‘The hearts of the people care for the land’

Ryan Collins / The Garden Island

Volunteers gather under the 13th century Japanese style building at the Lawai International Center on Saturday as part of the Community Caring Day the center holds on the first Saturday of each month from 9 a.m. to 1 p.m.

Ryan Collins / The Garden Island

The hillside with some of the 88 shrines at the Lawai International Centeris seen Saturday. The center hosts a Community Caring Day from 9 a.m. to 1 p.m. the first Saturday of each month. The center will host its annual Pilgrimage of Compassion on Aug, 25 from 1 p.m. to 4:30 p.m.

It’s the first Saturday of the month at the Lawai International Center, a 32-acre sanctuary that hosts an extraordinary restoration project of 88 Buddhist shrines that were constructed in 1904 by workers at the nearby Koloa Sugar Company, the likeness of which exist on Kauai and Shikoku, Japan. The shrines at Lawai were constructed as a replica of the 1,000-mile pilgrimage of Shikoku, with each of the 88 mini shrines representing a bigger temple.

Volunteers are gathered at the center for the Community Caring Day, eating a bountiful lunch in the land which Director Lynn Muramoto has looked over for the past 29 years with stewardship, perseverance and “plenty of miracles.”

The Community Caring Day is an all-volunteer event where tourists and locals come together on the first Saturday of each month from 9 a.m. until 1 p.m. to “look over the land with their hearts,” as Muramoto says.

“For the Native Hawaiians, they came here as a sanctuary, and this is turtle,” Muramoto says, pointing to the main structure of the center, which is a symbolic turtle complete with restored heiau and a mound of soil representing its head.

“The rock wall creates the front flippers and the hillside is the back.”

The Community Caring Day is open to any members of the general public, and everyone is encouraged to take part in the restoration project.

Along with the monthly caring day, Muramoto also hosts tour days on the second and last Sunday of the month, with guided tours at 10 a.m., noon and 2 p.m., or by appointment.

During the tours, Muramoto gives visitors a lecture on the center, its mission and the storied history of the historical site.

For the last 18 years, starting in 2001 after 9/11, Muramoto and thousands of volunteers over the years decided to put together a Pilgrimage of Compassion in the fall.

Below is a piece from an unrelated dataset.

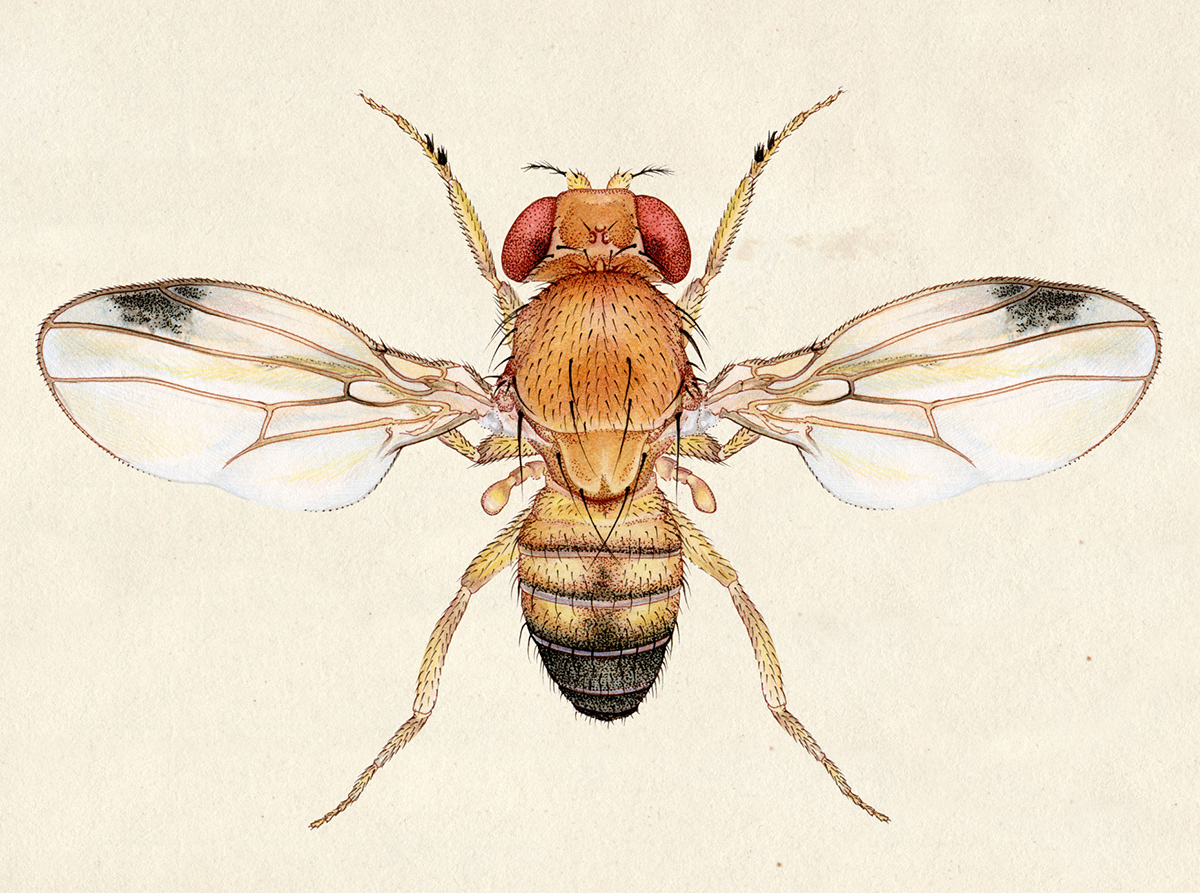 scientific illustration entomology Fruit Fly Insects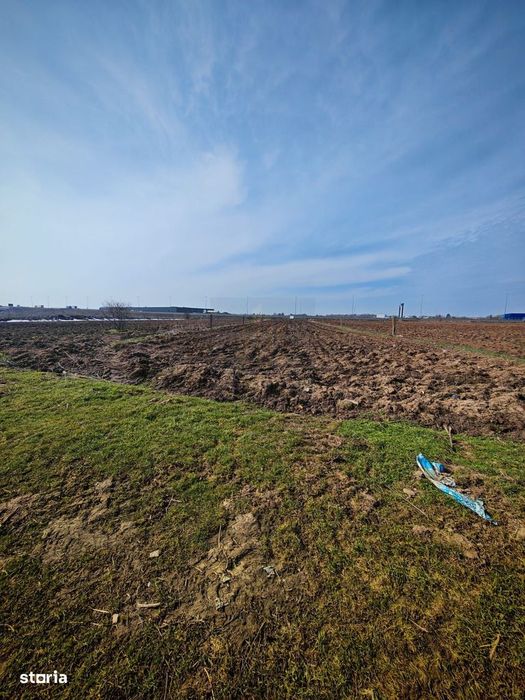 Teren de Vanzare Industrial Caciulati A3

This year’s pilgrimage will be held on Aug. 25 from 1 p.m. to 4 p.m. Over the years it has turned into an annual event that draws hundreds to the sanctuary to take part in a walk through the land where orchids adorn the hillside strewn with the 88 shrines and enjoy festivities and the tranquility of the traditional, 13th-century Japanese building.

“The main thing is that you will have hundreds of people here in this quite indescribable, transcendent state,” Muramoto said. “It’s different from other community events.”

As the lunch at the Community Caring Day comes to an end and the volunteers have filled up after some trail clearing on the 32-acre property in the morning, they file out into the sacred hillsides, as some go to the main building to participate in tai chi taught by an instructor the center has brought in.

“We get a lot of people from everywhere,” said Mary Anne Nordwall, volunteer coordinator for the center.

“Caring day, there are some regulars who come, and then we get people just in town and they want to come. They want to volunteer, and they do it, and it’s awesome.”

Nordwall said the center is really whatever you want it to be, and even keiki and scouts participate in the restoration project.

“It’s a cultural site,” she said. “We maintain and preserve this piece of land and we preserve the history of what’s going on behind it.”

One of the things Nordwall enjoys most about the center is the number of local people who come to the center, and the stories that come out with them.

“That’s the part I love,” she said. “Then the stories come out about when they were young.”

As the monthly caring day comes to an end and the afternoon sun starts to set in on the volunteers again after a long morning, they can be seen slowly trickling back onto Kuhio Highway with a little more aloha in their step after giving some of their hearts and time back into the land.

The Lawai International Center is a nonprofit community project that accepts donations and volunteers for the restoration and purpose of bringing the shrines and valley back to prominence as an international center for compassion, education and cultural understanding.

“Part of the power of this place is it’s untouched by human ideas,” Muramoto said.

“You kind of sit back and just let see how it flows and see how it wants to flow. And there’s more. There are lots more miracles.”